At Bosch you meet brilliant people working in interdisciplinary fields.
We permanently listen to the voice of industry and our ideas can become the product in very short period. The combination of academic and corporate research makes Bosch very special.
What research topics are you currently working on at Bosch?
Currently I am concentrating on perception in automated driving.
Most of the deep learning algorithms in the perception field were initially developed for optical camera images. It is quite challenging to extend these algorithms to other automative sensors such as Radar, LiDAR or Ultrasonic. Generally, in Artificial Intelligence we teach machines to behave like humans. To me, the most challenging task is to ensure that intelligent agents act both fast and safe at all times.

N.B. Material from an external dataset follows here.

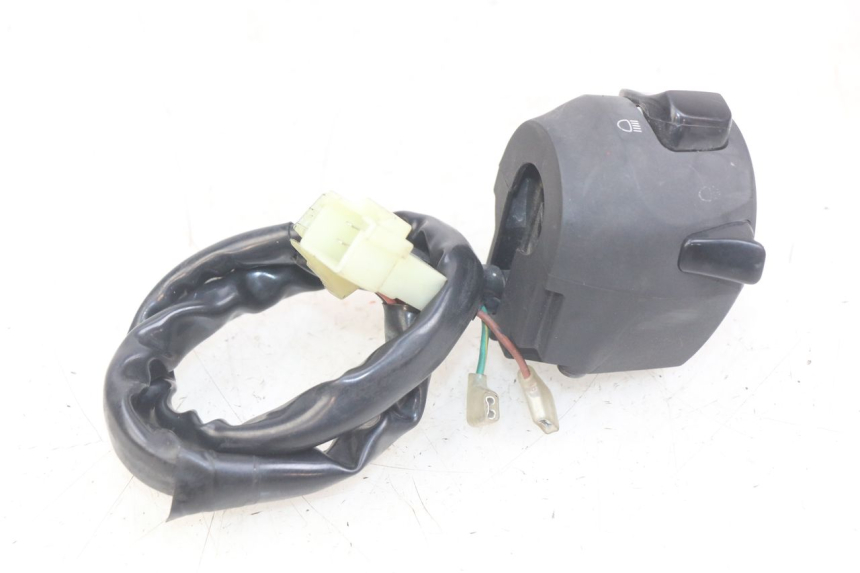 photo de INTERRUPTOR DE LUCES IZQUIERDO YAMAHA X-MAX XMAX 125 (2010 - 2014)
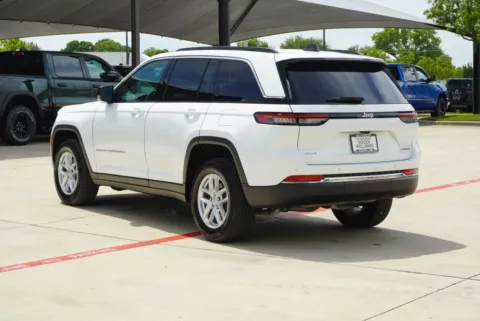 Another view of 2025 Jeep Grand Cherokee Laredo X for sale in Weatherford, TX at Roger Williams Chrysler Dodge Jeep Ram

What are the biggest scientific challenges in your field of research?
Developing concepts and solutions for automated driving which work efficient, robust and safe everywhere - even in unknown situations.
Motivating a young generation with the fascinating topics of AI.
How do the results of your research become part of solutions "Invented for life"?
Bosch automated driving solutions should save resources, help the environment, and make life for humans better and safer.